# Football Betting Model

To be completed:
- Add a feature to back date model over a selected time frame and evaluate outcome.
- Add a feature to update model parameters for a selected time frame.

## Contents:

- **Introduction**
- **Model Calculations**
- **Testing**
- **Results**
- **Evaluation**
- **Upcoming Fixtures**

## Introduction:

Sports betting can be incredibly frustrating. Top of the league losing at home to bottom of the league - we've all been there. We can watch football matches all season, building up knowledge of each team and how they're playing and yet we still find it impossible to make money. 

When we look at upcoming fixtures, whether we know it or not, we are comparing the odds (and hence, winnings) with how likely we think that result will occur. We may think Manchester City are guaranteed to win at home to Huddersfield in the second game of the 2018/19 season but are odds of 1.1 on BET365 really worth the risk? A £10 bet on this would only win us £1. Maybe not. (They won 6-1 - maybe we should've!).

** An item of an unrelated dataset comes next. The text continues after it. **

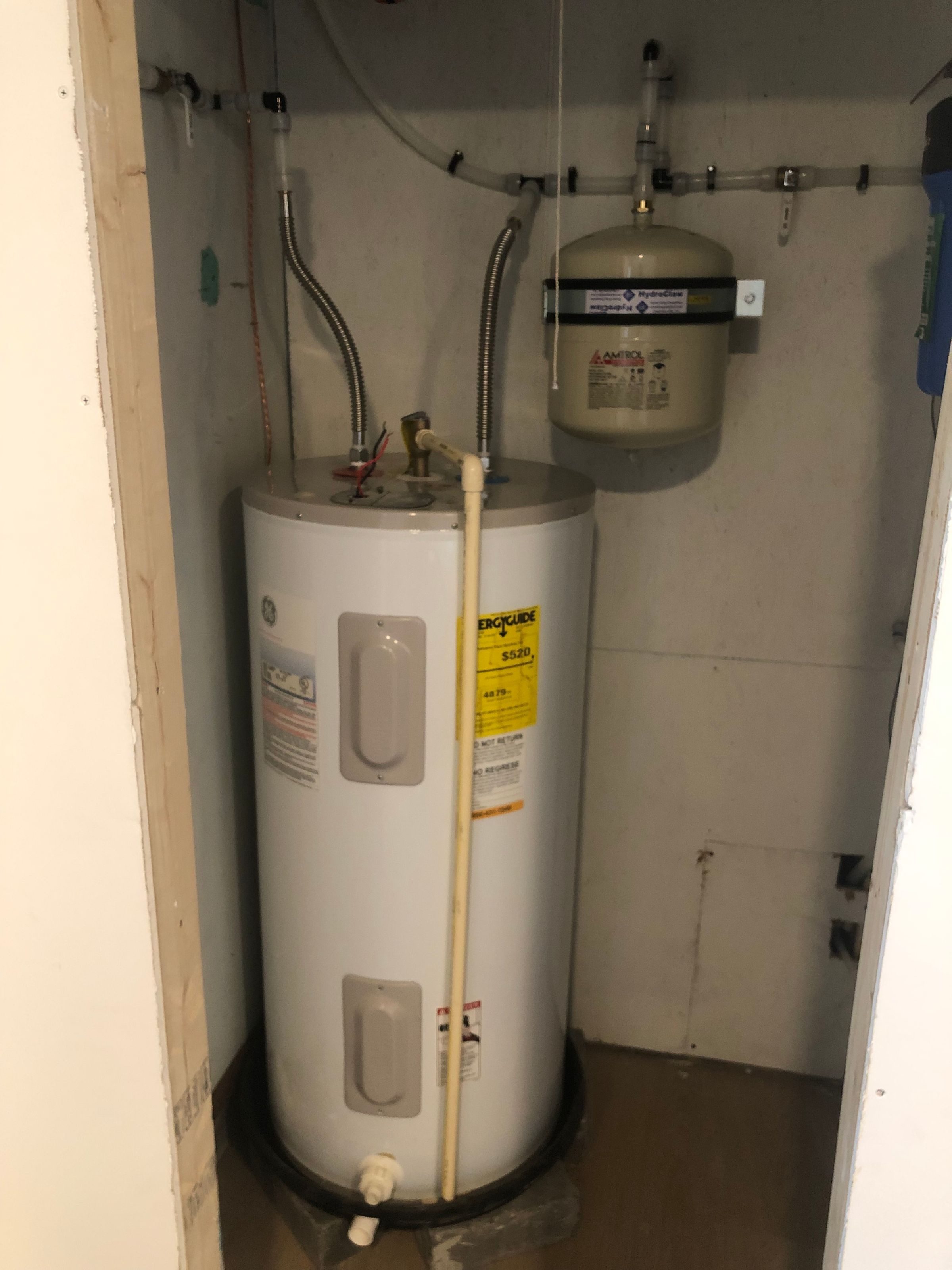 Shoreline Plumbing's image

By evaluating bets in this way, we are looking for 'value' in a bet. Value exists when we believe an event is more likely to occur than the bookies do. The assessed probability is how likely we think an event is likely to occur and the implied probability is how likely the bookies think that outcome will occur, given their odds. Therefore, if our assessed probability of an outcome is higher than the implied probability, that outcome represents a value betting opportunity.

The implied probability (IP) can be calculated from the bookies odds using the following formula:

$$IP =	\frac{1}{(Decimal Odds)}$$

For example, let's look at the north London derby between Arsenal and Tottenham at the Emirates during the 2017/18 season. The decimal odds given for this match by BET365 were:
 - Arsenal   -> (**2.5**)
 - Draw      -> (**3.6**)
 - Tottenham -> (**2.89**)
 
The odds of Arsenal winning at 2.5 can be converted into a percentage using the formula above so that we get 40% (1/2.5). Converting the remaining odds into percentages we get:
 - Arsenal   -> **40%**
 - Draw      -> **28%**
 - Tottenham -> **35%**

(You may notice that these values add up to a greater than 100% chance. This is the cut that the bookies take to guarantee themselves profit. We will discuss this more later.)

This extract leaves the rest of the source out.